How Scalaris stores your data
After installing Scalaris, running a few nodes, and playing with the API, I wanted to figure out how it actually stores the data. Using this diagram: I tracked down the source ( the db was the obvious clue).
The database is a gen_server that wraps calls to the underlying storage - an Erlang . What this means is the data is not actually saved to disk, but rather lives in memory. It appears the each chordnode has its own database.
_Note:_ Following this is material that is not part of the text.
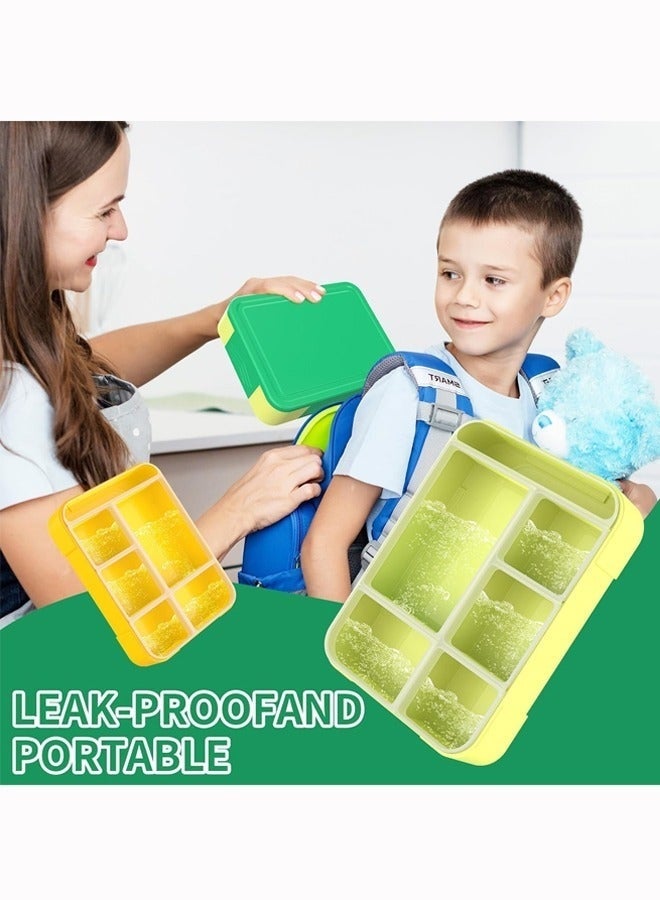Bento Lunch Box for Kids and Adults, Lunchbox Containers with Tablewares for Boys and Girls, Leakproof, Microwave, Dishwasher, Freezer Safe, Bpa-Free(Green) - Image 3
When you store a Key - Value pair, the database actually records a structure like this in the gb_tree:
Key,{Value,WriteLock,ReadLock,Version}
On a write, “WriteLock” is set to true and the Version is incremented. On a read, “ReadLock” is set to true. Most of this logic appears to be controlled through the transaction layer.
Other stuff
- Search? There appears to be the ability to search for keys within a given range via a “get_range”. But I haven’t yet found how to call that from the transaction_api
- No delete. As I mentioned in my earlier write up on using the API, there is no way to actually “delete” a key once it’s set. But hey, the code is open-source and since gb_tree has a delete method, it should be possible to add.
One other thing of note, if you’ve implemented any distributed Erlang you know it’s not recommended to run a cluster of Erlang nodes around the Internet using the built in code. Scalaris implements its own TCP layer (the authors mention this in their Videos) for the nodes to communicate. Check out the comm_layer in the source for some ideas if you need to write your own.